[Entries taken from a collection]

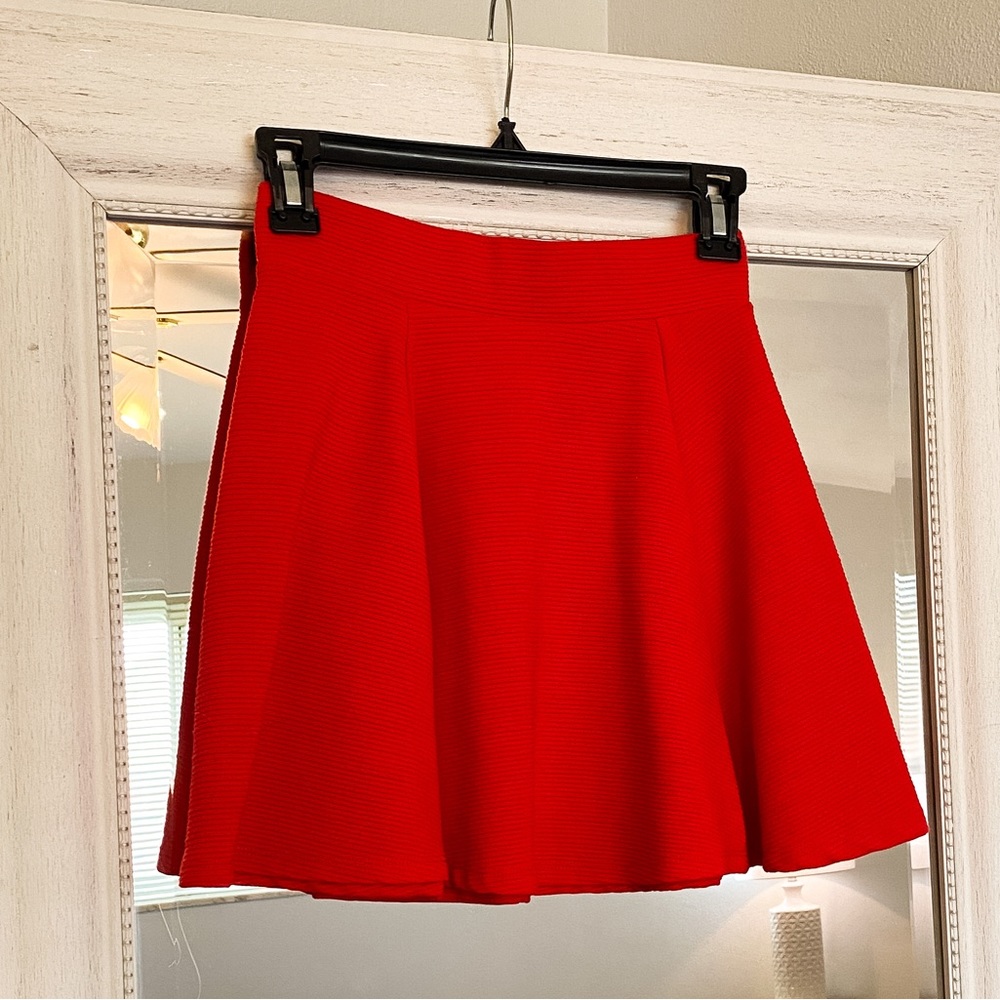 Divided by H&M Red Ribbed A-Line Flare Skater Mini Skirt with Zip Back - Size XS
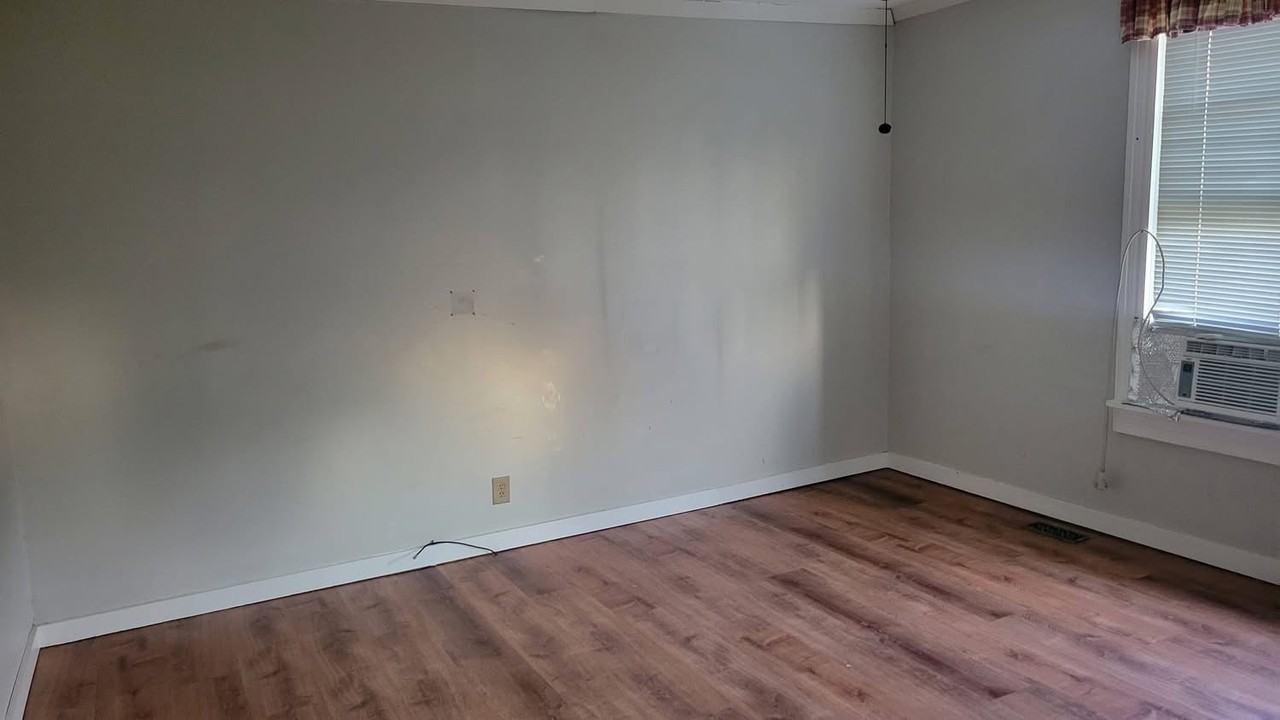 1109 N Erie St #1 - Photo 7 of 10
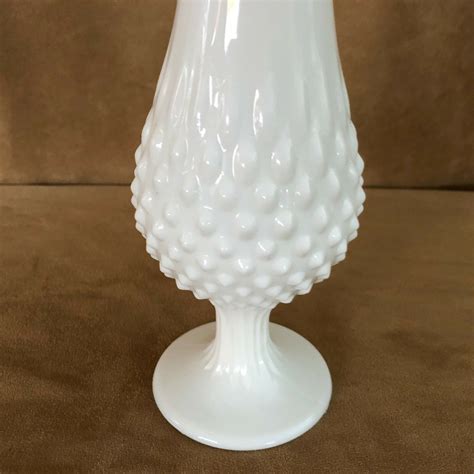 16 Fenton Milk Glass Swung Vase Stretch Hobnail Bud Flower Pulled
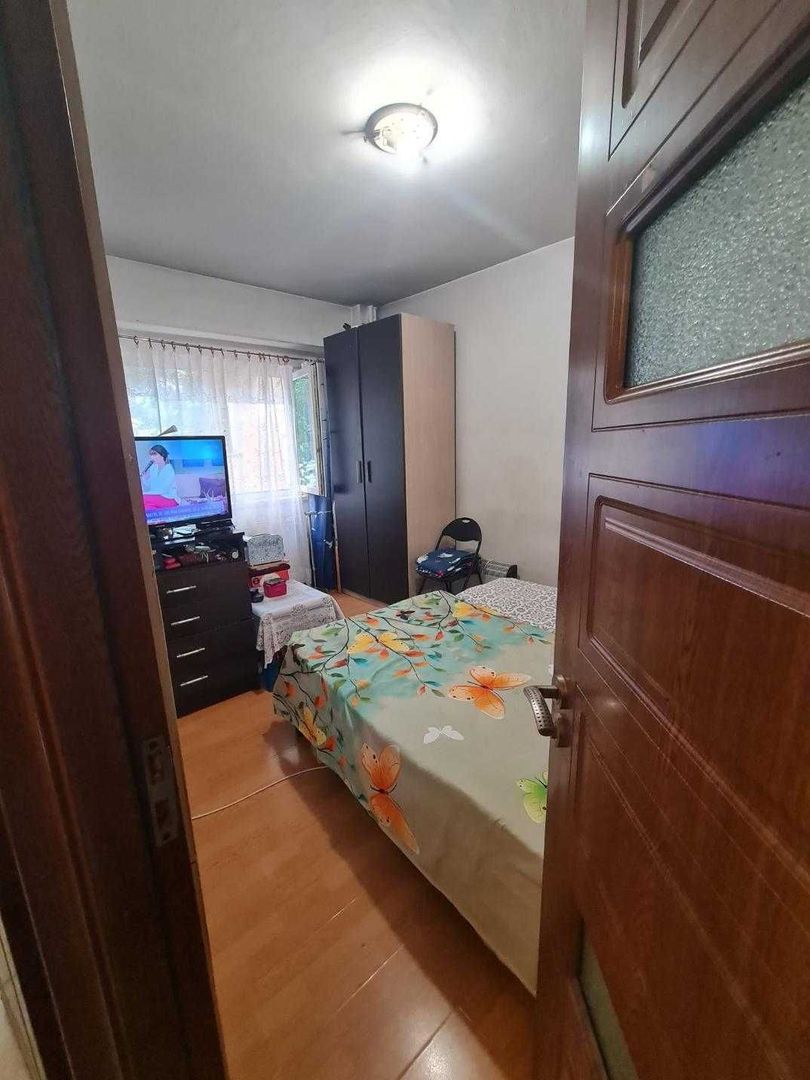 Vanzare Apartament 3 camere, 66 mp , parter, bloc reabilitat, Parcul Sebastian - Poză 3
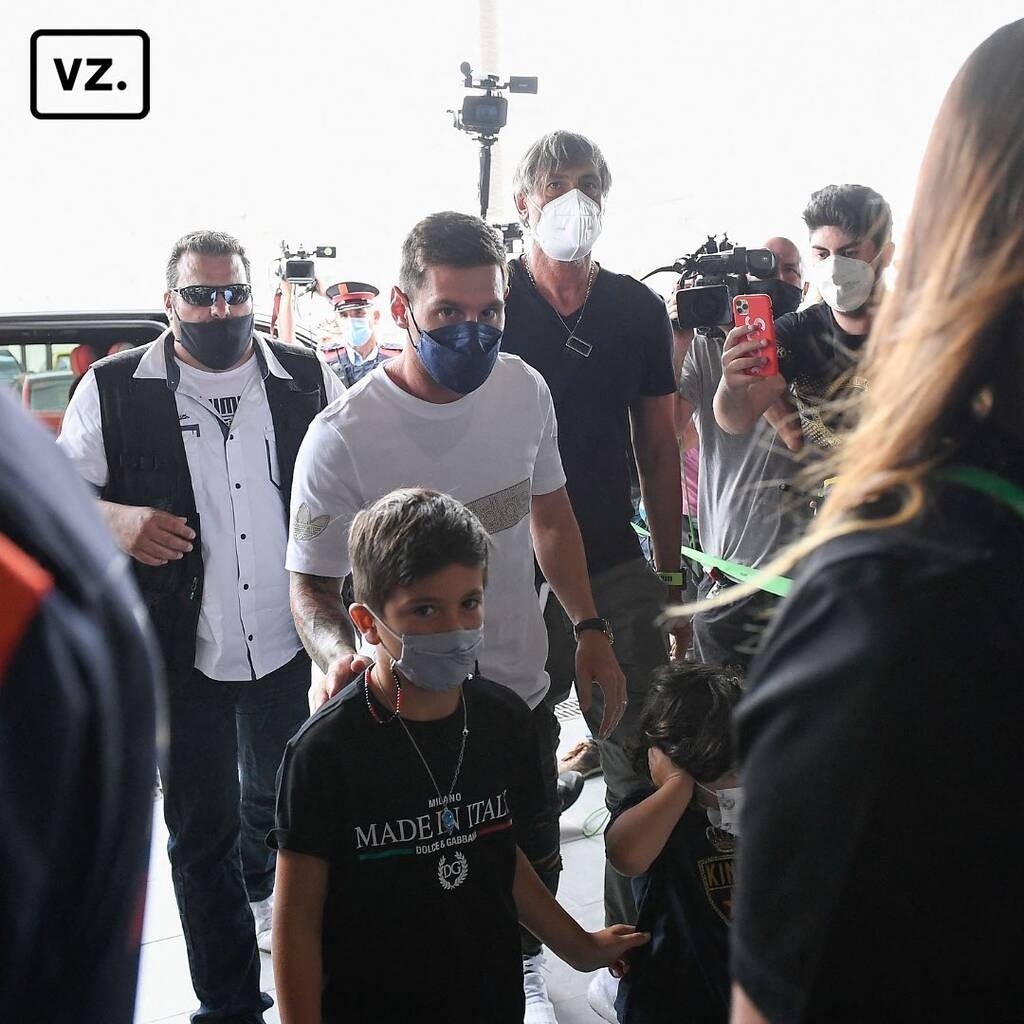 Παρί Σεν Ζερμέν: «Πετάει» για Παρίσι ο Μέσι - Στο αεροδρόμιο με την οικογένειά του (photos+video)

• About this exercise: The response should contain every record above exactly as written, and none of the pictures.

• Solution for this exercise:
 Divided by H&M Red Ribbed A-Line Flare Skater Mini Skirt with Zip Back - Size XS
 1109 N Erie St #1 - Photo 7 of 10
 16 Fenton Milk Glass Swung Vase Stretch Hobnail Bud Flower Pulled
 Vanzare Apartament 3 camere, 66 mp , parter, bloc reabilitat, Parcul Sebastian - Poză 3
 Παρί Σεν Ζερμέν: «Πετάει» για Παρίσι ο Μέσι - Στο αεροδρόμιο με την οικογένειά του (photos+video)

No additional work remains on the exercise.